BRIEF DESCRIPTION OF THE DRAWINGS
FIG. 1 (Prior Art) shows a simplified schematic view of an FCC unit with a
conventional stripper.
FIG. 2 (Invention) shows an evacuated stripper with vapor recycle.
DETAILED DESCRIPTION
Description of Preferred Embodiments
FIG. 1 is a simplified schematic view of an FCC unit of the prior art,
similar to the Kellogg Ultra Orthoflow converter Model F shown as FIG. 17
of Fluid Catalytic Cracking Report, in the Jan. 8, 1990 edition of Oil &
Gas Journal.
A heavy feed such as a gas oil or vacuum gas oil is added to riser reactor
6 via feed injection nozzles 2. The cracking reaction is completed in the
riser reactor, which takes a 90.degree. turn at the top of the reactor at
elbow 10. Spent catalyst and cracked products discharged from the riser
reactor pass through riser cyclones 12 which efficiently separate most of
the spent catalyst from cracked product. Cracked product is discharged
into disengager 14, and eventually removed via upper cyclones 16 and sent
via conduit 18 to the fractionator.
Spent catalyst is discharged down from a dipleg of riser cyclones 12 into
catalyst stripper 8, where one, or preferably 2 or more, stages of steam
stripping occur, with stripping steam admitted via lines 19 and 21. The
stripped hydrocarbons, and stripping steam, pass into disengager 14 and
are removed with cracked products after passage through upper cyclones 16.
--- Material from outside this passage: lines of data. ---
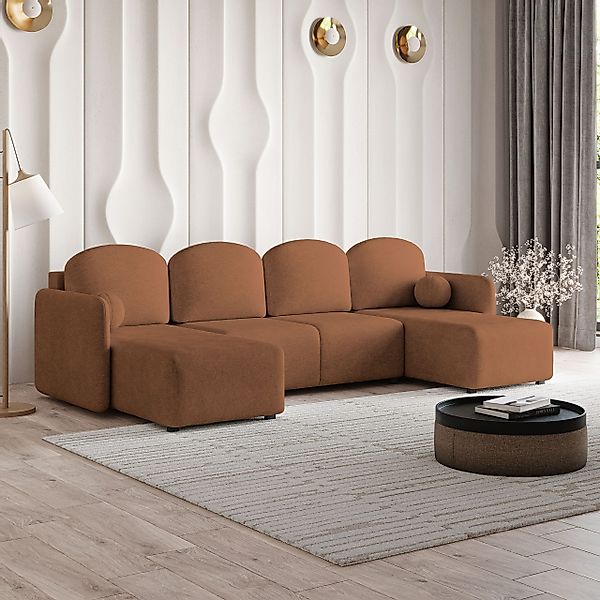 Masseno Ecksofa NUBERO mit Schlaffunktion U-Form, günstig online kaufen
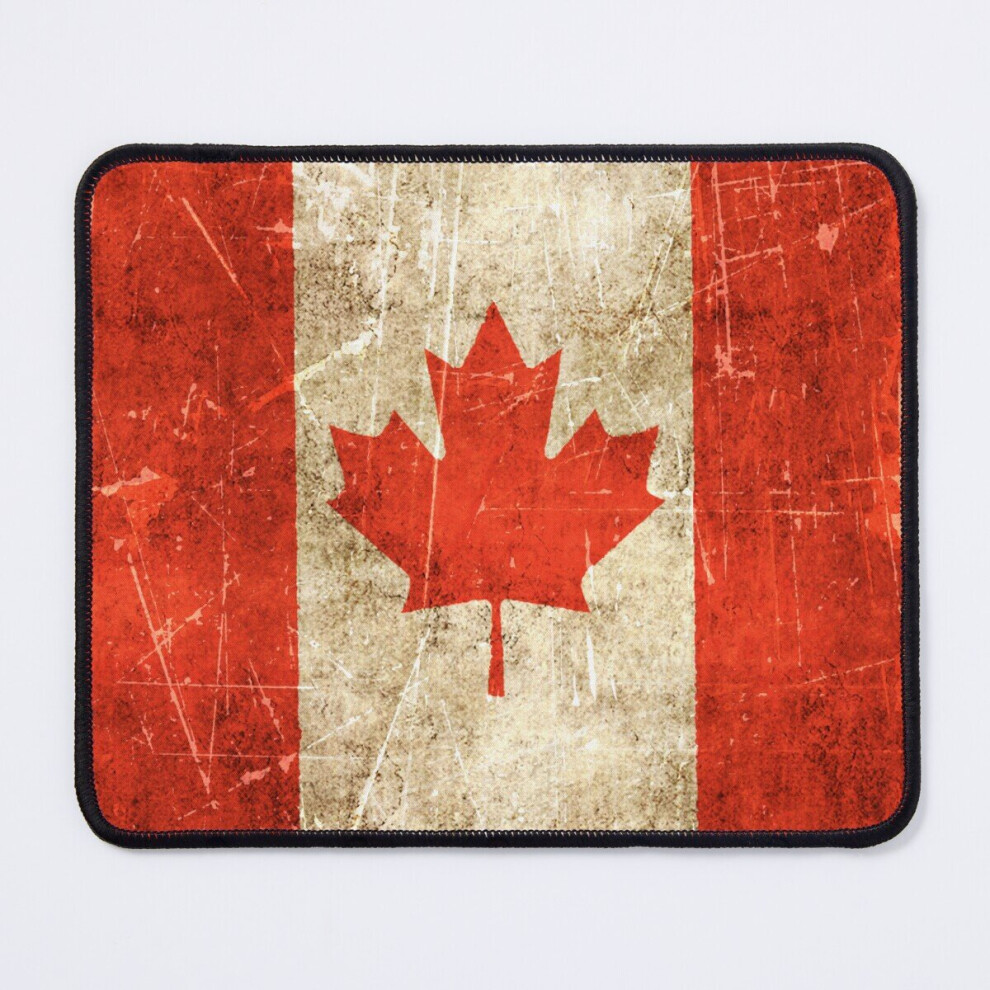 Mouse Pad Vintage Aged And Scratched Canadian Flag 11.8 X 9.8 Inch Computer Mat Gaming Office Mousepad 7802738122626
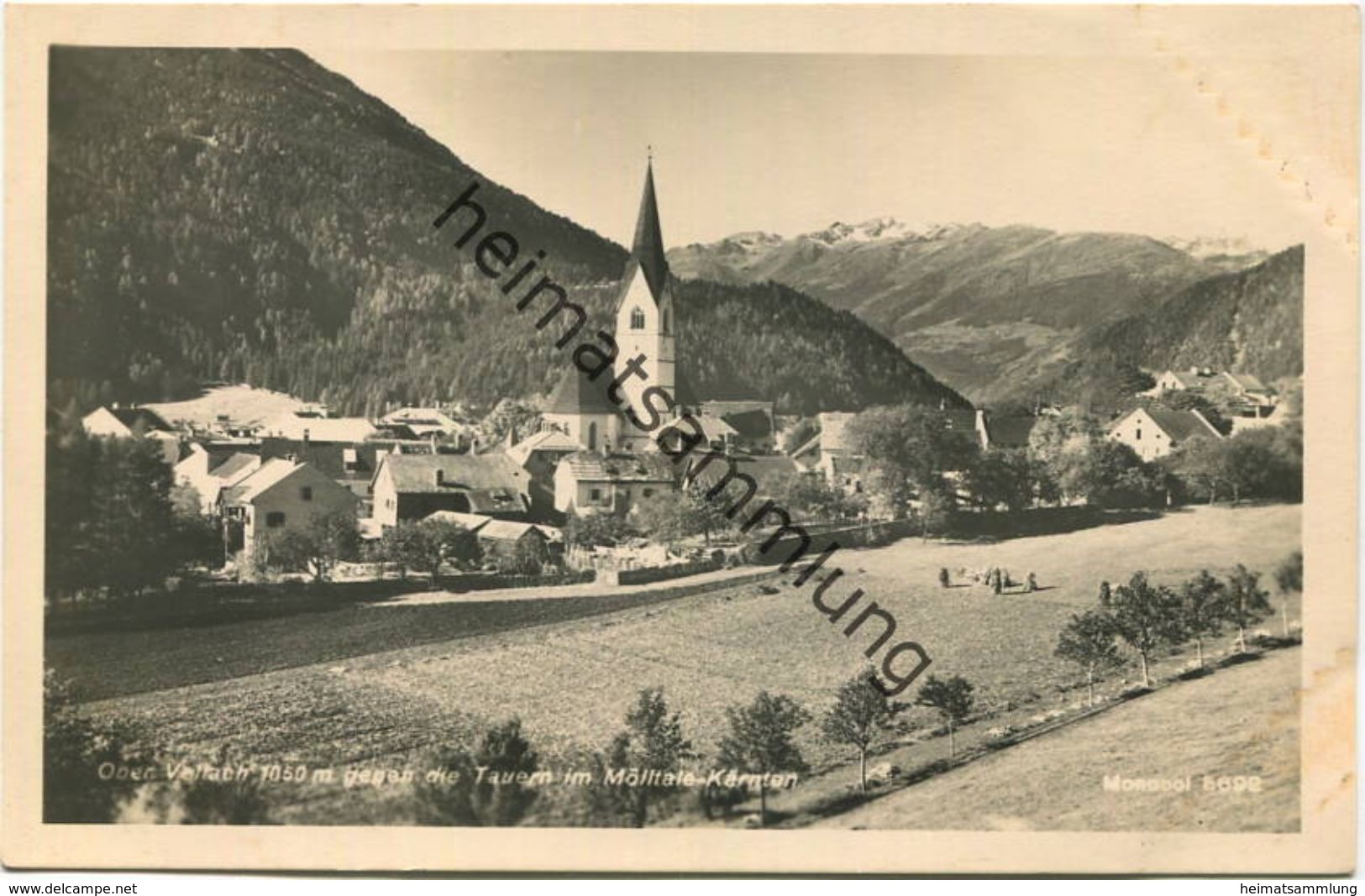 Obervellach - Foto-AK 30er Jahre - Verlag A. G. Schöllhorn Innsbruck - Obervellach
Stripped catalyst is discharged down via spent catalyst standpipe 26 into
catalyst regenerator 24. The flow of catalyst is controlled using spent
catalyst plug valve 36.
This stripper design is one of the most efficient strippers used in modern
FCC units, due in large part to its generous size. Most riser reactor
FCC's have strippers disposed as annular beds about the riser reactor, and
do not provide as much cross sectional area for catalyst flow as does the
design shown in FIG. 1.
Catalyst is regenerated in regenerator 24 with air, added via air lines and
an air grid distributor not shown. Catalyst cooler 28 allows heat to be
removed from the regenerator, if desired. Regenerated catalyst is
withdrawn from the regenerator via regenerated catalyst plug valve
assembly 30 and discharged via lateral 32 into the base of riser reactor 6
to crack fresh feed injected via injectors 2. Flue gas, and some entrained
catalyst discharge into a dilute phase region in the upper portion of
regenerator 24. Entrained catalyst is separated from flue gas in multiple
stages of cyclones 4, and discharged 8 into plenum 20 for discharge to the
flare via line 22.
In FIG. 2 (invention) a side by side model FCC unit is shown, with a
stripper vapor recycle capability. The regenerator 100 is high efficiency
regenerator, with a fast fluidized bed coke combustor 105 receiving spent
catalyst via line 102 and some recycled regenerated catalyst via line 106,
with the flow controlled by valve 107. Regeneration air is added via line
104. Regenerated catalyst and flue gas are discharged into an upper
portion of the regenerator, and separated via cyclone assembly 110 into a
flue gas stream withdrawn via line 112 and a regenerated catalyst stream
charged via line 114 to the base of the riser reactor 125.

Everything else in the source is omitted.